The symmetry QQ plot is inspired by Chambers et al.’s symmetry plot which pairs the quantiles of the lower half of a batch of values with matching quantiles of the batch’s upper half of values. The median value is used to define the halves as follows:

\[ lower\ half = median - y_i\\ upper\ half = x_{n+1-i} - median \]

where \(n\) is the number of values in \(x\), \(i\) = 1 to \(n/2\) if \(n\) is even or \(i\) = 1 to \((n+1)/2\) if \(n\) is odd.

The plot is interpreted no differently than a QQ plot. If the data are symmetrical about the batch’s median value, the points will hug the 1:1 line. For example, given a batch of 1000 normally distributed values shown in the left density plot, we would expect the symmetry QQ plot to show the points very close to the 1:1 line as shown in the right plot.

The axes show the distance of each observation in the batch to that batch’s median value. The units are those of the batch. Points that are close to 0 are those observations closest to the median. Points that are furthest from 0 are those that are at both tail ends of the distribution.

The symmetry QQ plot function

The symmetry QQ plot is generated using the eda_qq() function with the sym = TRUE argument.

Before exploring the function and its output, let’s first generate some data. Here, we’ll create a slightly skewed dataset (one that is skewed towards large values).

set.seed(123) 
x <- rgamma(100, shape = 2, scale = 1)  

Next, let’s generate the symmetry QQ plot.

library(tukeyedar)

eda_qq(x, sym = TRUE)

If you are familiar with the use of eda_qq as an empirical QQ plot function, you are familiar with the grey boxes and dashed lines that highlight the IQR and mid 75 percent of the batch, respectively. Here, given that the x and y axes are mapping the lower and upper halves of the batch, the lower and upper parts of the IQR are bounded by 0 given that 0 is the central value of x. The dashed lines are to be interpreted similarly–75% of the values are to the left of the vertical dashed line and below the horizontal dashed line.
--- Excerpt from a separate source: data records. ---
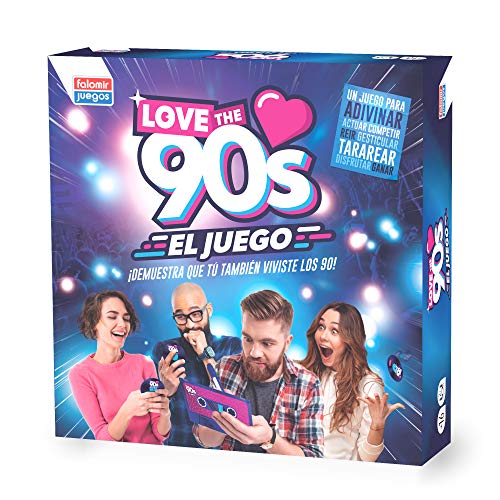 Falomir 90´S Love The 90's, Juego de Mesa, Family & Friends, Color Azul, 27x27x6.5 (1)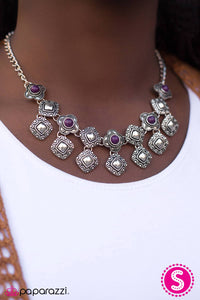 Paparazzi "Desert Muse" Purple Necklace & Earring Set Paparazzi Jewelry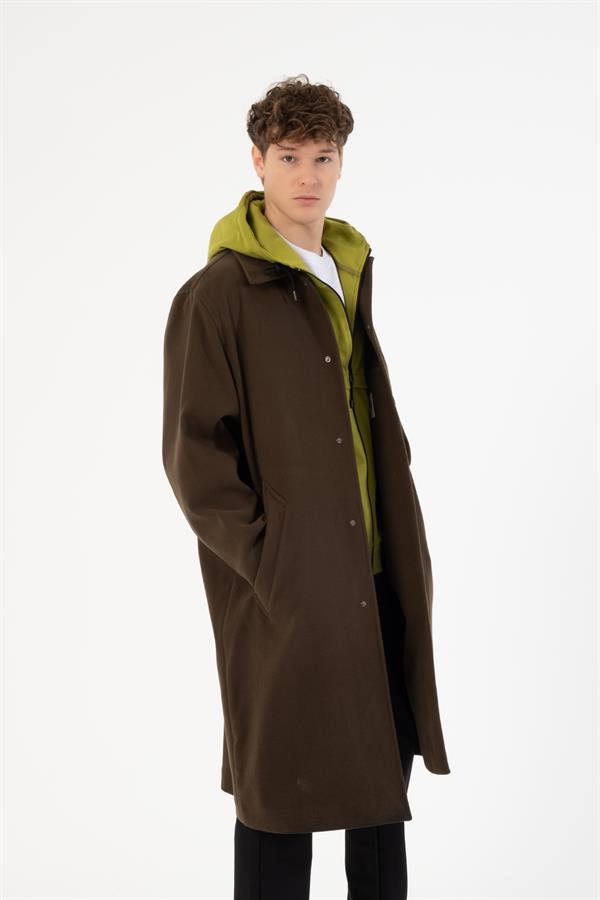 GMG Firenze-Oversize Erkek Palto Kaban-MONT-8-Milagron.com
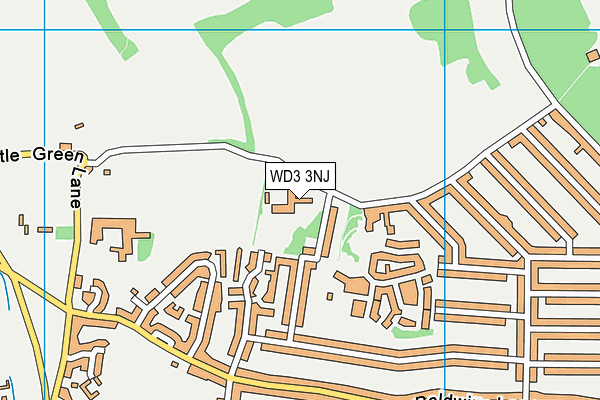 WD3 3NJ map - OS VectorMap District (Ordnance Survey) WD3 3NJ map - OS VectorMap District (Ordnance Survey)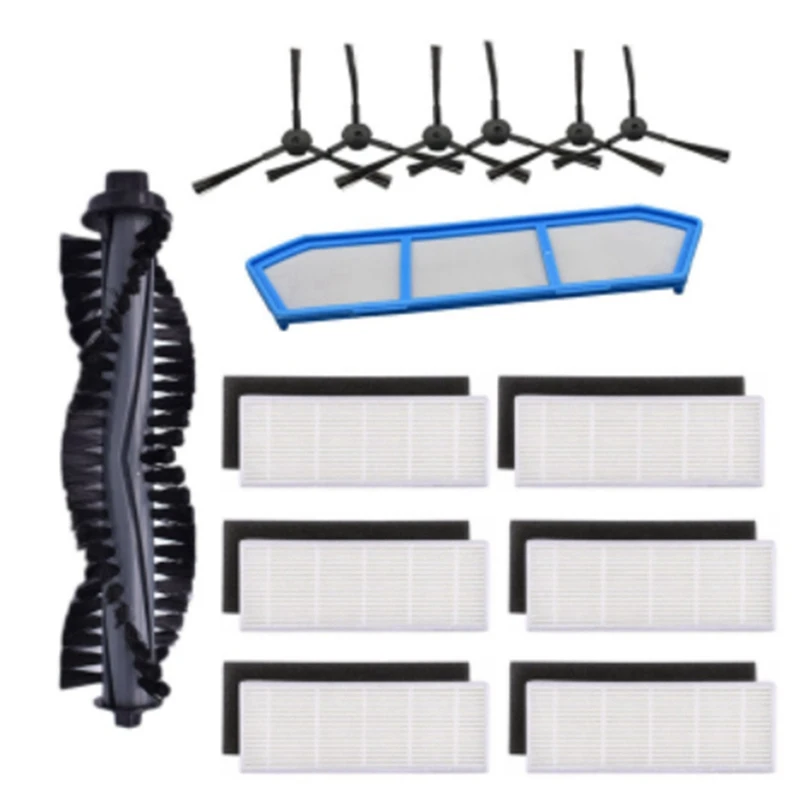 

Accessories Kit For Ilife A4 A4S A40 Vacuum Cleaner Parts HEPA Filter Primary Filter Roll Brush Side Brush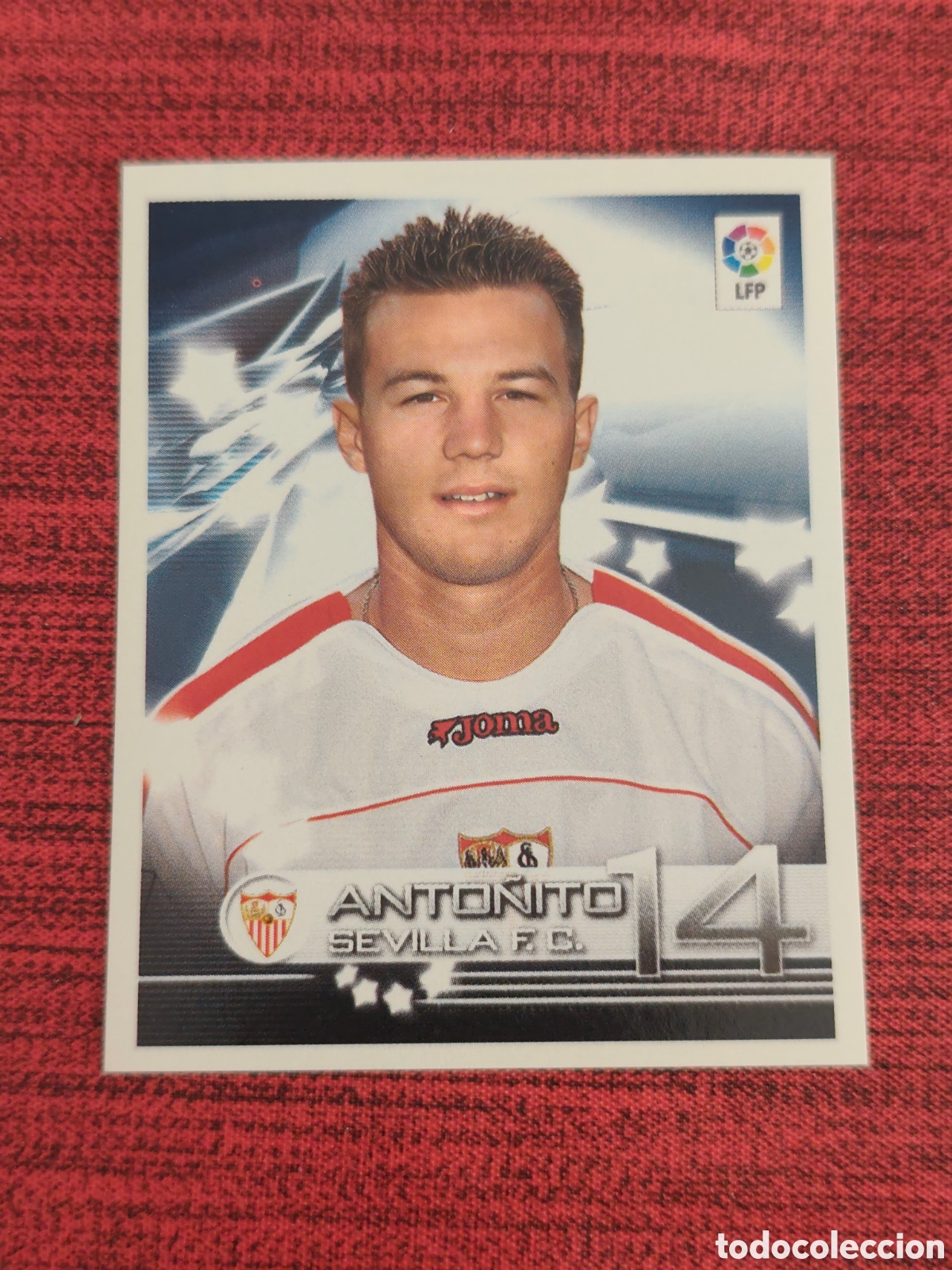 Fu&szlig;ball-Sticker: 318 ANTO&Ntilde;ITO SEVILLA SUPERLIGA DE ESTRELLAS 2002 2003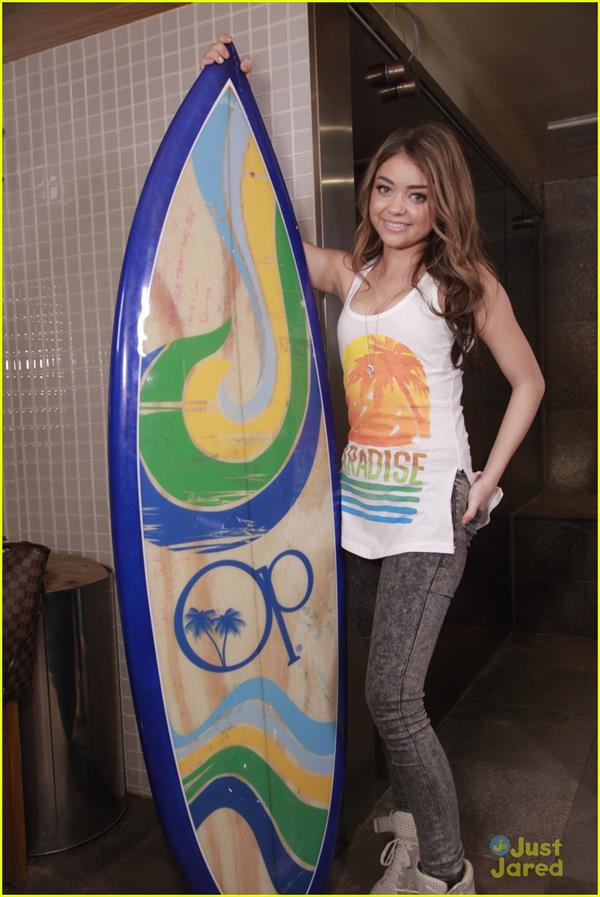 Sarah Hyland at the OP pool party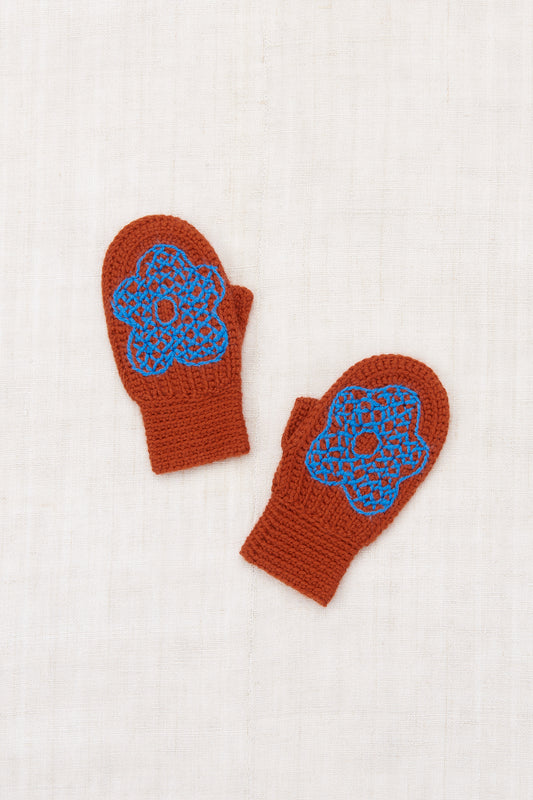 Blomma Crochet Mittens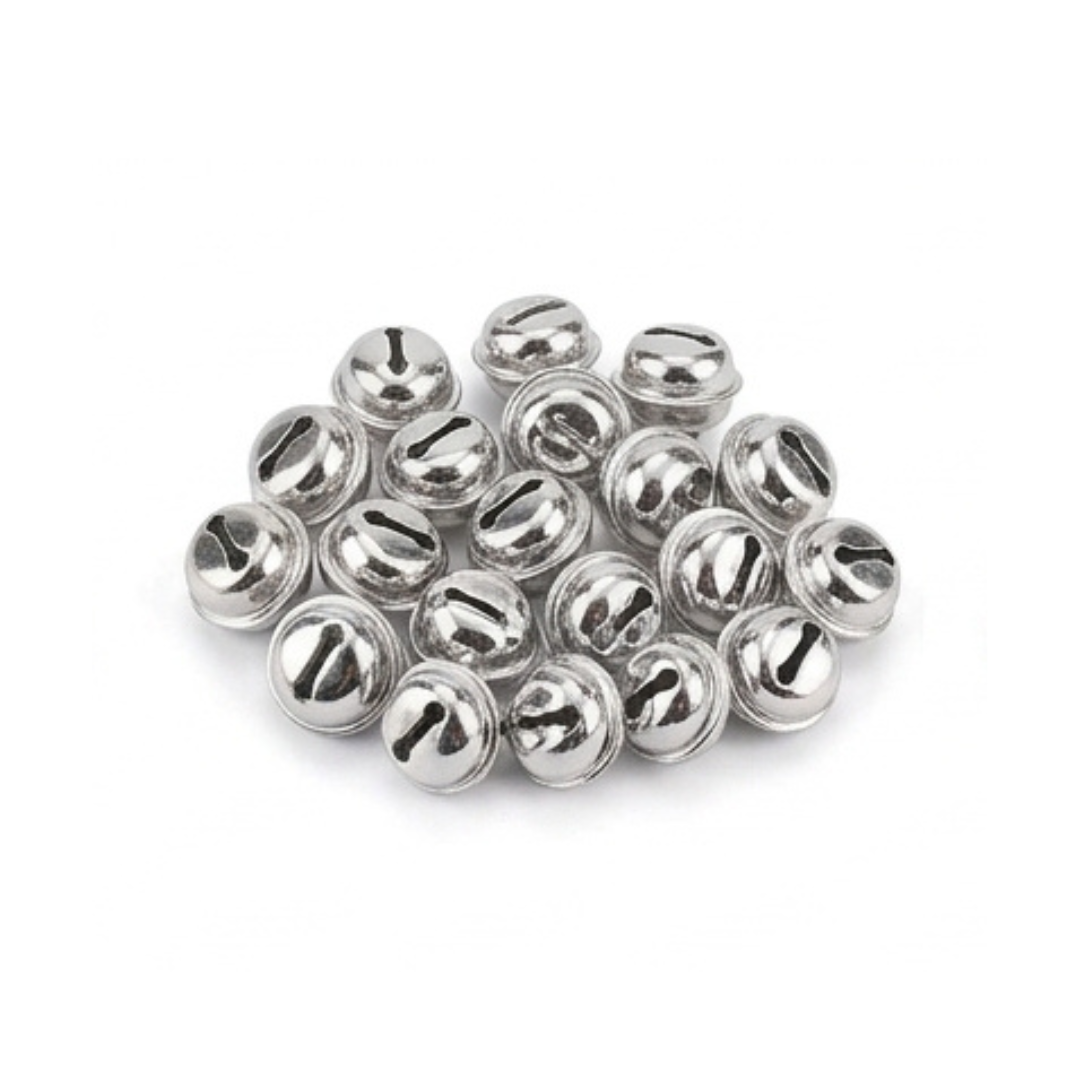 Sewing Jingle Bells 13, 18 & 30mm – Gold & Silver – 20 pcs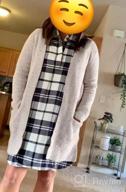 img 1 attached to Stay Cosy And Stylish With Goodthreads Women'S Relaxed-Fit Flannel Shirt Dress review by Marc Farrell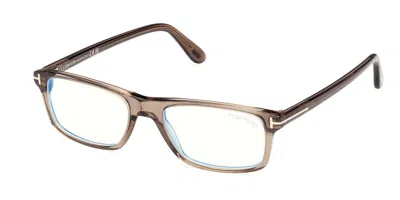 Tom Ford Ft6119-b 048 Blue-light Block Men's Glasses Brown Size 53 - Free Lenses - Blue Light Block Available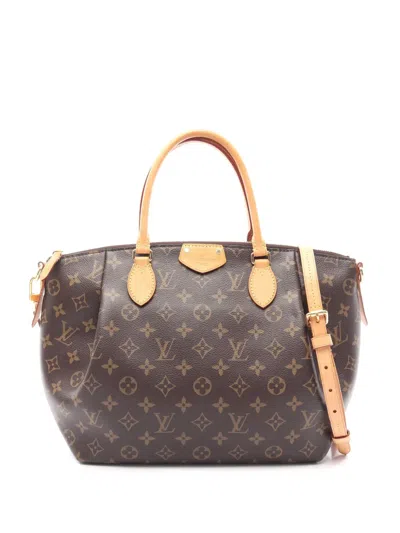 Pre-owned Louis Vuitton 2016 Monogram Turenne Mm Satchel In Brown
In this example, the points do not hug the 1:1 line, especially outside of the IQR region–they curve upward away from the 1:1 line. This is to be expected given that we generated a right skewed dataset. For example, a point in the lower half of x that is about 1 unit away of the median has a matching quantile in the upper half of x that is about 1.4 units away of the median placing it further away from the median than its lower half counterpart. This skew becomes more pronounced as we move closer to the tails. The furthest point away from the median is about 1.4 units for the lower half and a little less than 4 units away for the upper half.

The eda_qq function allows the use of a re-expression. This feature can be helpful if one seeks to symmetrize a batch of values using a power transformation. For example, if we wanted to render x more symmetrical, we could try a power of 0.5 (i.e. the square root) by setting the argument p = 0.5.

eda_qq(x, sym = TRUE, p = 0.5)

Here, the square root transformation does a good job in rendering x more symmetrical. Note that the points do not hug the 1:1 exactly–this is fine. What we don’t want to see is a systematic bend in the points away from the 1:1 line. For example, if we were too aggressive with the power transformation and chose a log transformation (p = 0), we would end up with a left skewed batch of values.

eda_qq(x, sym = TRUE, p = 0)

The symmetry QQ plot can leverage eda_qq’s built-in Tukey mean-difference plot (md = TRUE) if a finer grain resolution of the points vis-a-vis the 1:1 line is desired. Note that with the Tukey mean-difference plot, the x and y axes values are different, but this need not matter since we are simply leveraging this plot to help identify a power transformation that will give us a symmetrical distribution.

Here is the original (untransformed) data in a Tukey mean-difference plot:

eda_qq(x, sym = TRUE, md = TRUE)

The 1:1 line is now the horizontal black line centered on 0.

Here’s the transformed version of the data:

eda_qq(x, sym = TRUE, md = TRUE, p = 0.5)

Reference

  • John M. Chambers, William S. Cleveland, Beat Kleiner, Paul A. Tukey. Graphical Methods for Data Analysis. 1983.